写真集『PERSONA最終章 2005―2018』は、人間が蠢(うごめ)く深い森のなかへ誘う一冊だ。写し出されるひとりひとり、たしかに人間の形はしているが、魑魅魍魎(ちみもうりょう)の化身にも見えてくる。
「病気で、板前を辞めざるをえなかったという人」
「猫(16歳)に英単語で話しかける税理士」
「表情を変えない男」
「右肩だけが凝るとわらう人」
「『減るものではないので、撮れば……』という人」
「『むろん、本物よ』という女性」
「護国神社の宮司」
「前髪を気にする青年」
「いつの間にか、80歳になっていると語る婦人」
……芝居の役柄を語るかのようなキャプションが、虚構と現実のあわいをきわどく攻めてくる。
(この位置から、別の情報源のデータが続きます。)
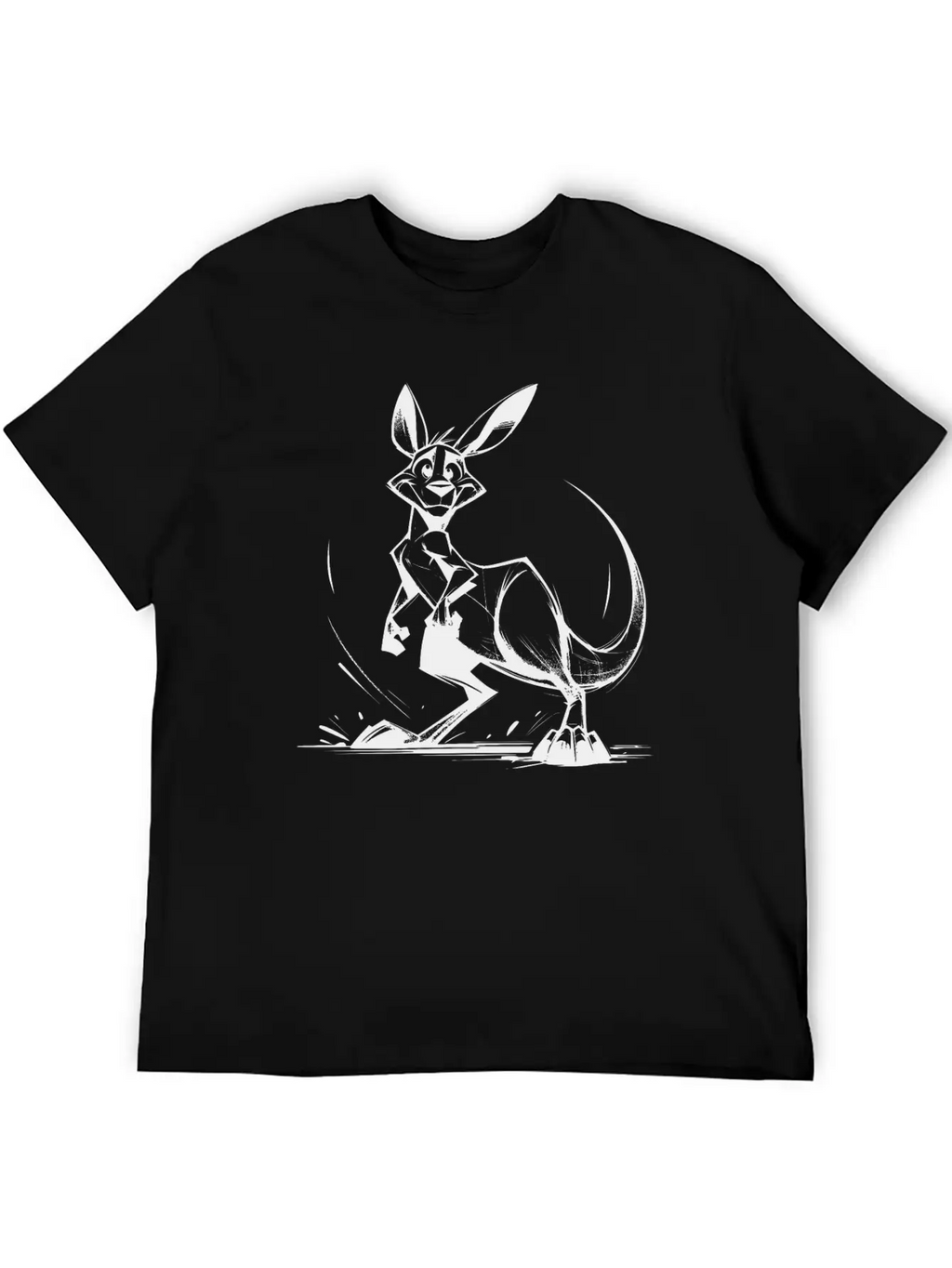 Marsupial Pencil Sketch Kangaroo Australia Unisex Casual T-Shirt – Clean Design For Daily Comfort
大判写真集の一ページ、一作品、一人物。カメラに向かって立つ姿を浮かび上がらせるのは、鬼海(きかい)トーンというべきグレイの色彩の階調だ。
すべて、浅草・浅草寺の境内、朱銅色の壁の前で撮られている。写真家、鬼海弘雄が浅草に通い始めたのは1973年。以来45年、同じ場所を路上の“特設スタジオ”として市井の人々を撮り続けてきた。前作『PERSONA』(草思社)は、2004年に土門拳賞を受けている。
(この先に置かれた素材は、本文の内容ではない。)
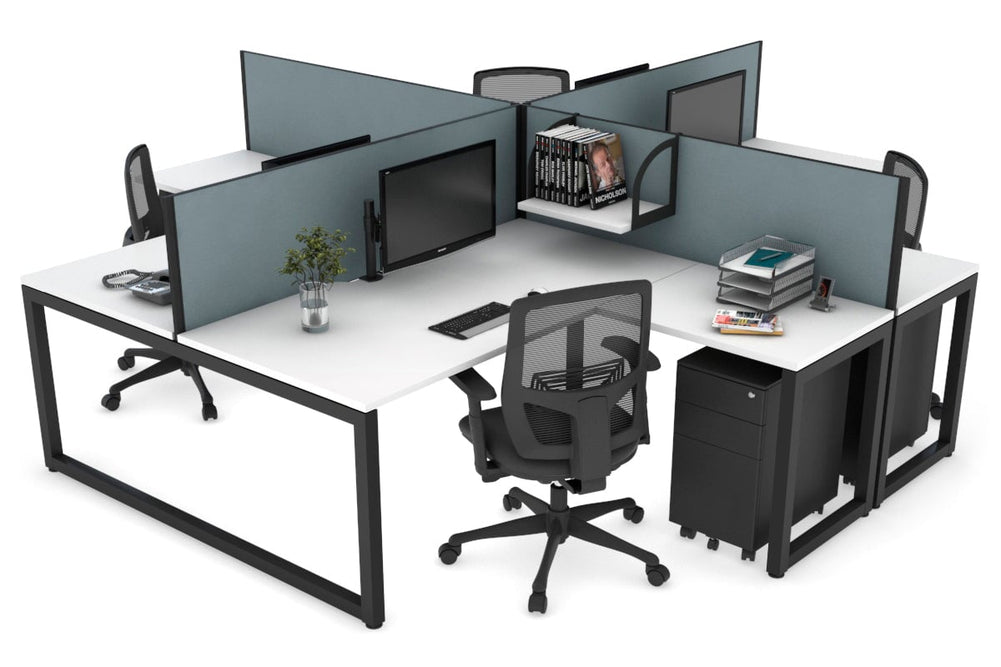 Quadro Loop Legs 4 Person Corner Workstation [1600L x 1800W with Cable Scallop]-black leg white cool grey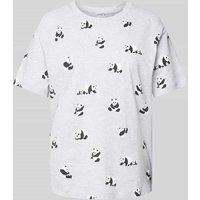 Jake*s Casual Pyjama-Oberteil mit Allover-Motiv-Print in Hellgrau Melange, Größe XL von Jake*s Casual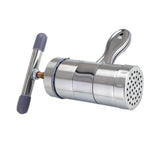 Manual Press Pasta Machine Stainless Steel Hand Wringing Noodles Making Machine with 5 Noodle Mould - Top-Down View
いわゆるポートレート写真とは一線を画する。というか、表す世界が違う。『PERSONA』に写し出された人物たちは、国境も時空間も突き破り、イメージの領域に至ろうとする。〈カメラに視線を注ぐ者〉〈写真を観る者〉、両者の視線がするどく交わるとき、ここに写し出された人々は触媒なのだと気づく。触媒が何を連れてくるのか、何を見せるのか。それは〈写真を観る者〉に手渡された特権であり、物語の始まりでもあるだろう。
写真を撮り始める以前、大学を卒業した鬼海弘雄は、種々雑多な職業を経験している。トラック運転手、工事現場の作業員、遠洋マグロ漁船の見習漁師……明滅のはげしい時間の手触りや匂いや音や映像が、浅草を行き来する無名の人物と一瞬の苛烈な引き合いを生じさせるのか。ただし、浅草寺に数時間いても、一日に撮影するのはわずかひとりかふたりだったという。
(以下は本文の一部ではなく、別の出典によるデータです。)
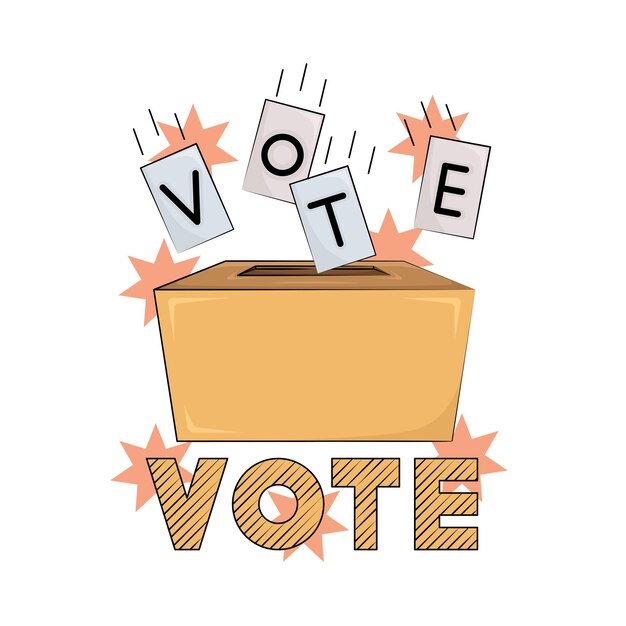 Ballot box with 'Vote' text and star accents | Jiffy Designs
長い間続けているのに、人物を選ぶ基準はいまでも自分でもよく分らない。あえて言葉にすれば、ポートレートを観る人たちが、普段持っている人間に対しての堅くなりがちな情とイメージを揉(も)み解(ほぐ)し、豊かなひろがりをもたらしてくれる人物と思っている。こだまのような波動が、生きることを少しだけ楽しくしてくれるからだ。(「あとがきにかえて」より)
若い日、ダイアン・アーバスの作品に触発されて写真家になったという鬼海弘雄がレンズを向ける被写体の人物たちは、観る者の前で、素顔と虚構を巧みにシャッフルする。「こだまのような波動」が怖い。ここには人の真実がたしかに写っているが、真実の行方はわからなくさせる。